Ma voiture thermique est au garage pour le WE, il m'a prêté une voiture.
C'est une voiture électrique (peugeot 208).
Je n'avais jamais conduit de voiture électrique, j'ai pu voir ce que ça donne.
Aujourd'hui je suis monté dans le Vercors. J'ai fait 1000m de dénivelé en 15,5 km. Ca a consommé 84 km d'autonomie.
A la descente, j'ai récupéré 58 km d'autonomie.
Bilan : conso de 26 km d'autonomie pour 31,5 km effectifs.
En améliorant un peu on doit pouvoir faire une voiture surunitaire
C'est bien foutu : quand on freine, la priorité est au frein moteur (alternateur pour récupérer l'énergie). Si c'est insuffisant, les freins à disque sont actionnés.
Il y a une aiguille/curseur qui indique la puissance qui entre ou sort de la batterie. La puissance a un minimum (= max de récupération) et un maximum (max de traction).
Le truc est donc de freiner sans jamais atteindre le max de puissance en récupération d'énergie, pour récupérer le maximum.

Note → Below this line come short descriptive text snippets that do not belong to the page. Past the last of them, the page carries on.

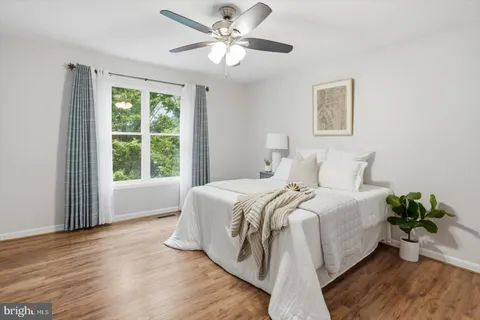 a spacious bedroom with a bed and a window
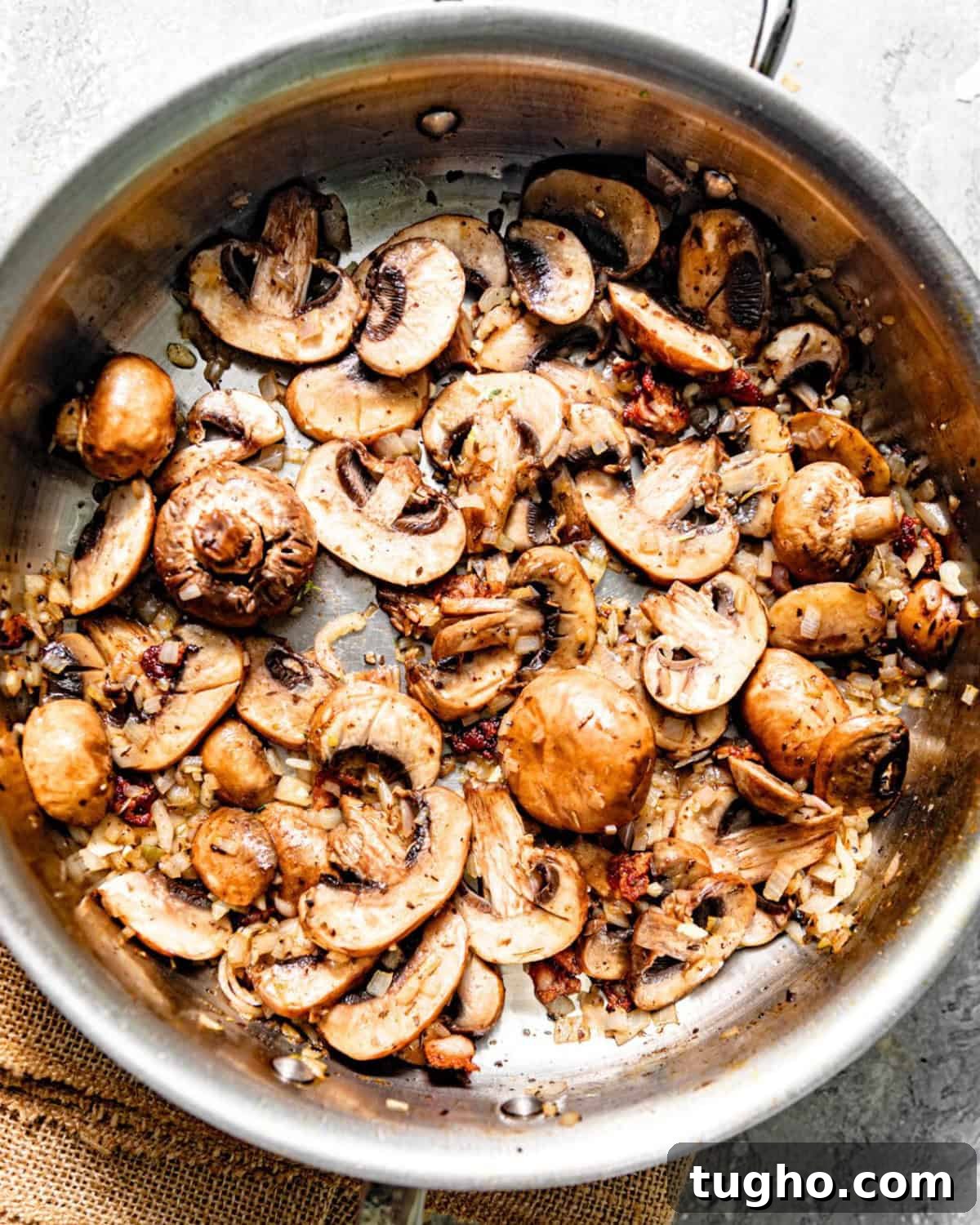 Creamy Chicken and Rice with Mushrooms 5 sauteed mushrooms, onions, and garlic in a pan.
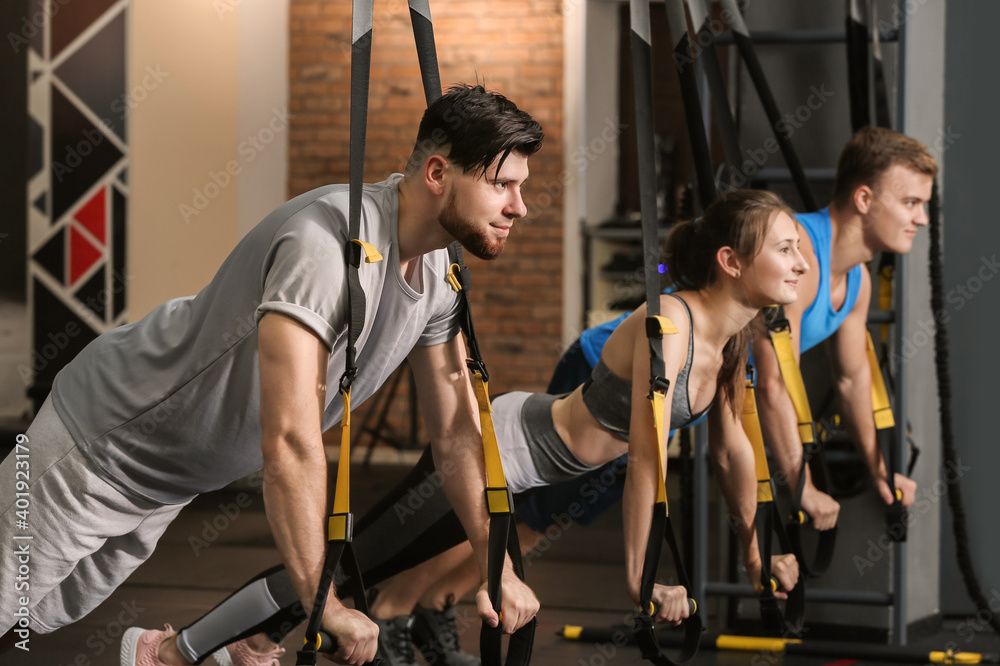 Sporty people exercising with TRX straps in gym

Cette puissance max freine déjà bien, de quoi faire 50 à 0 en 10m environ. Faudrait que je teste pour avoir la valeur exacte, mais en tout cas en ville on n'atteint jamais ce max si on ne veut pas être considéré comme un conducteur bourrin.
En descente sur du 8%, la puissance est de 20% du max environ.
J'ai l'habitude d'une thermique, où on a juste 5 choix de puissance de frein moteur (pour 5 vitesses) pour une pente donnée. J'ai l'habitude de minimiser les changements de vitesse pour ne pas user l'embrayage, tout en minimisant aussi les freinages pour ne pas user les freins. En gros le but est de passer la 4e ou la 3e, et de ne plus y toucher jusqu'en bas.
Avec une électrique, on peux choisir la valeur de frein moteur qu'on veut entre 0 et un maxi qui dépend de la pente, en dosant avec l'accélérateur.
Mais j'ai eu le même réflex que sur une thermique : j'appuyais à peine sur l'accélérateur (juste le poids du pied), du coup je me retrouvais à 50.
J'ai eu du mal à aller plus vite, car je devais appuyer sur l'accélérateur à la descente, ce que je fais très rarement. Je n'ai pas l'habitude d'appuyer en continu et avec précision sur l'accélérateur pour gérer la vitesse en descente.
Avec une thermique je gère la vitesse uniquement avec les changements de vitesse, et des coups de frein courts mais assez forts (pour éviter que les freins chauffent) au cas où je dois beaucoup ralentir (gros virage avec beaucoup de pente juste avant). Le but n'est pas de maintenir une vitesse, mais de rester en dessous d'une vitesse max au-delà de laquelle on commence à perdre le contrôle, cette vitesse max changeant tout le temps.
Par exemple dans la descente de l'Alpe d'Huez, je descend en 3e ou en 2e, et je freine avant les lacets et avant qq virages serrés, mais quasiment pas ailleurs.
Le jour où j'aurai une voiture électrique (si ça arrive), il me faudra qq jours/semaines d'adaptation pour changer un réflex renforcé pendant 25 ans.
Conclusion :
- Dans les descentes, attendez-vous à vous retrouvez derrière des boulets en voiture électrique qui roulent à 50 sur route droite où on peut descendre à 80 sans risque.
- En ville, la quantité de particules fines issues des plaquettes de frein diminuera en même temps que la proportion de voiture électrique ou hybride augmentera (si le nb de voiture.km reste constant, mais ce serait mieux qu'il baisse).